Islamisasi Pendidikan Nasional
Bahwa kita semua telah mafhum kalau yang menjadi tekanan
utama Ki Hajar Dewantara (KHD) dan Perguruan Tamansiswanya (1922) dalam masalah
pendidikan hanyalah masalah kebangsaan dan cinta tanah air. Sedangkan masalah
agama tidak pernah menjadi perhatian utama. Darinya memang lahir orang-orang
yang mau berjuang untuk kemerdekaan Indonesia. Rasa nasionalisme mereka tinggi
tapi rasa keagamaan mereka (terutama yang muslim) tidak terbangkitkan sama
sekali. Di sini jelas KHD lebih memilih “ideologi pendidikan sekuler” untuk
perguruan yang didirikannya. Dan inilah yang secara eksplisit pula dijadikan
dasar ideologis penyelenggaraan pendidikan di Indonesia pada masa-masa
berikutnya sampai sekarang.
Ideologi nasionalis memang lebih diberi tempat oleh
masyarakat negara kita. Sehingga kalau ada tokoh lain yang sebanding (bahkan
lebih hebat) yang berideologi selain itu tidak akan dianggap penting. Dalam
masalah pendidikan ini ada tokoh lain yang sebenarnya tidak kalah dengan KHD
dalam kiprahnya di dunia pendidikan, dialah K.H. Ahmad Dahlan rahimahullah.

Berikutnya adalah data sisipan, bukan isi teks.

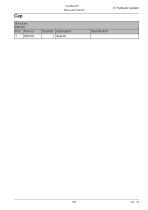 Log max E6-185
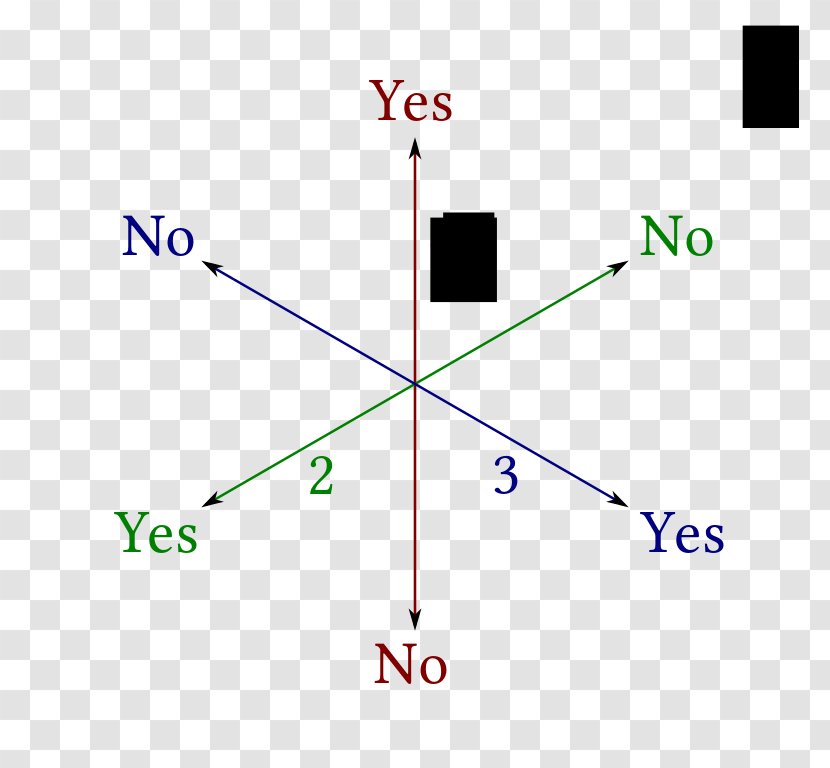 Line Point Angle - Parallel Transparent PNG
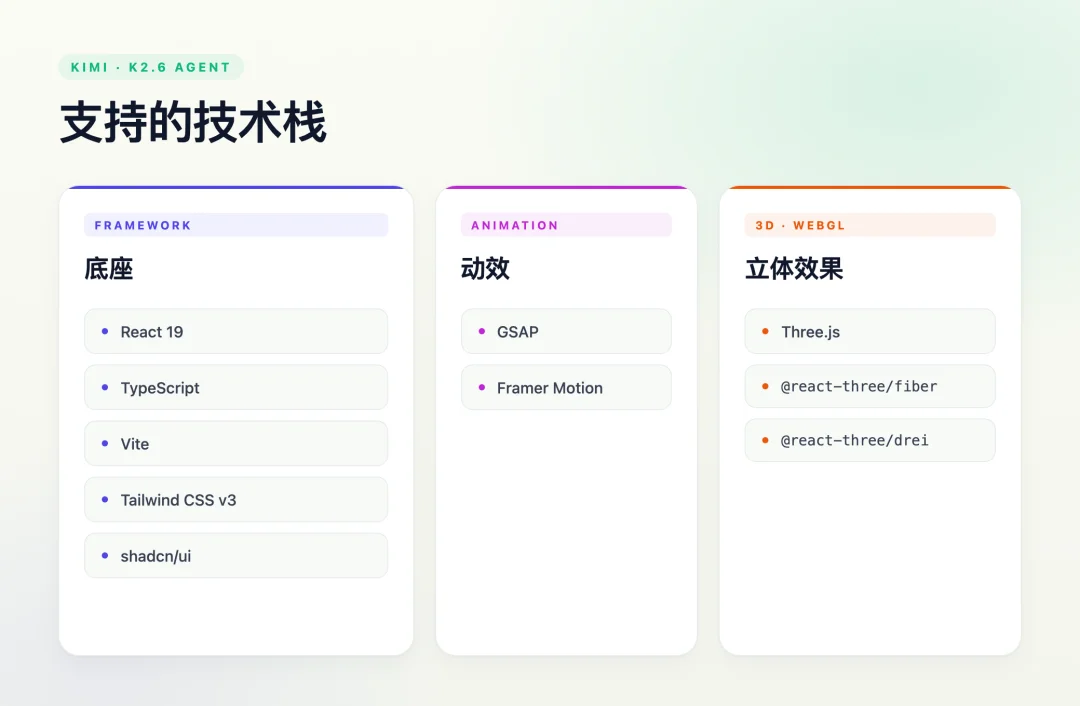 Vibe Coding 一句话能做联机对战了？实测 Kimi K2.6
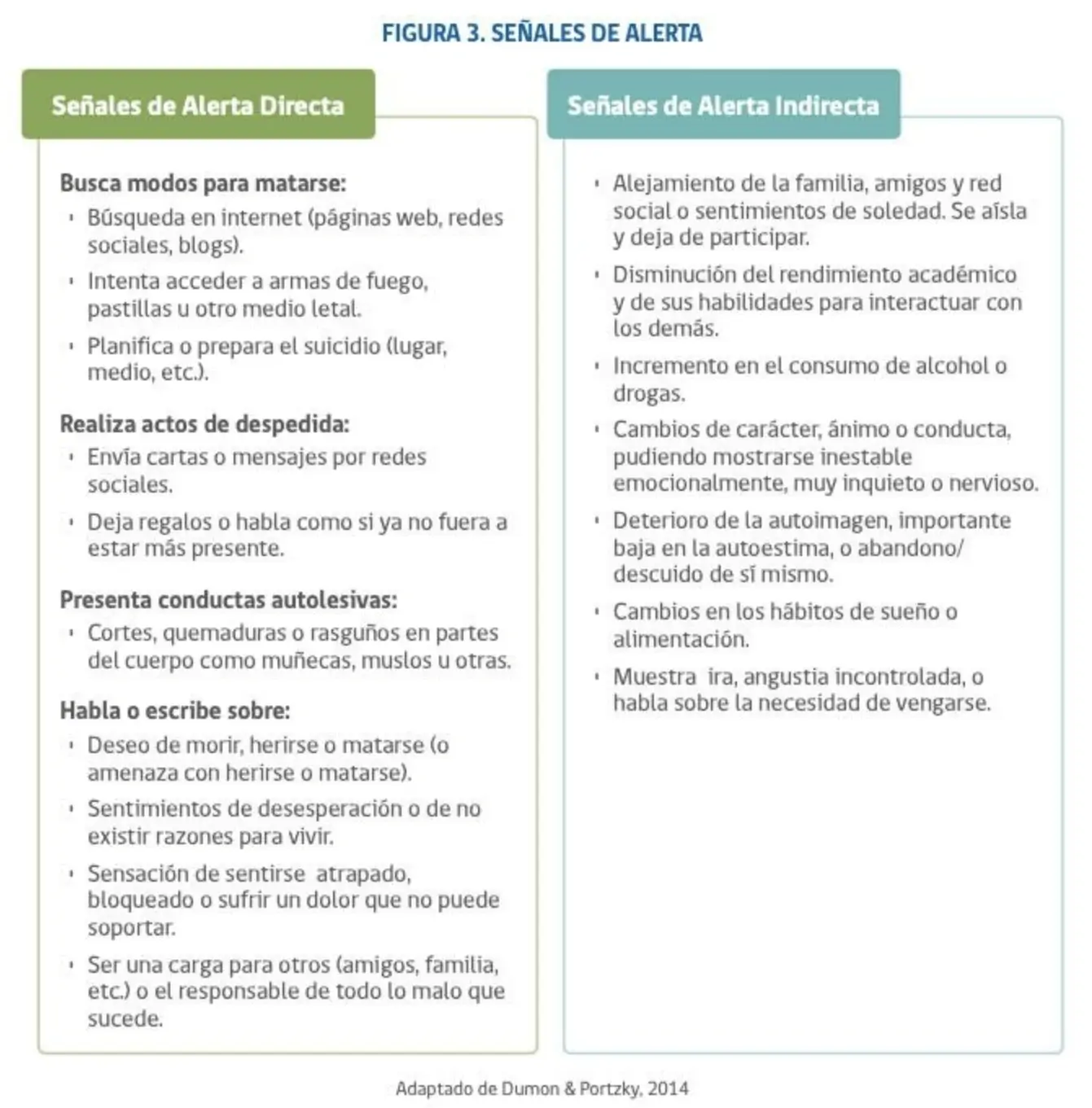 Imagen comparativa de señales de alerta directa y señales de alerta indirecta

K.H. Ahmad Dahlan rahimahullah memang tidak secara khusus memfokuskan
gerakannya di bidang penddidikan. Namun perhatian beliau terhadap masalah
pedidikan di negeri ini sungguh luar biasa.
Saat beliau mendirikan Persyarikatan Muhammadiyah pada 1912,
salah satu gerakan serius yang beliau kerjakan adalah mendirikan Kweekschool (Sekolah
Guru) Muhammadiyah (saat ini Mu’allimin dan Mu’allimat Muhammadiyah). Dengan
mendirikan sekolah ini K.H. Ahmad Dahlan rahimahullah ingin para
alumninya menyebar dan mendirikan sekolah-sekolah di berbagai tempat. Sehingga
dalam waktu singkat sekolah-sekolah Muhammadiyah dapat berdiri di seluruh
pelosok Nusantara. Bahkan di pelosok-pelosok yang belum pernah terjamah oleh
pemerintah pun sekolah Muhammadiyah sudah hadir lebih dahulu. Saat ini jumlah
sekolah yang dimiliki Muhammadiyah melebihi jumlah sekolah yang dimiliki pemerintah.
Baik dari tingkat dasar, menengah, hingga sampai tingkat perguruan tinggi.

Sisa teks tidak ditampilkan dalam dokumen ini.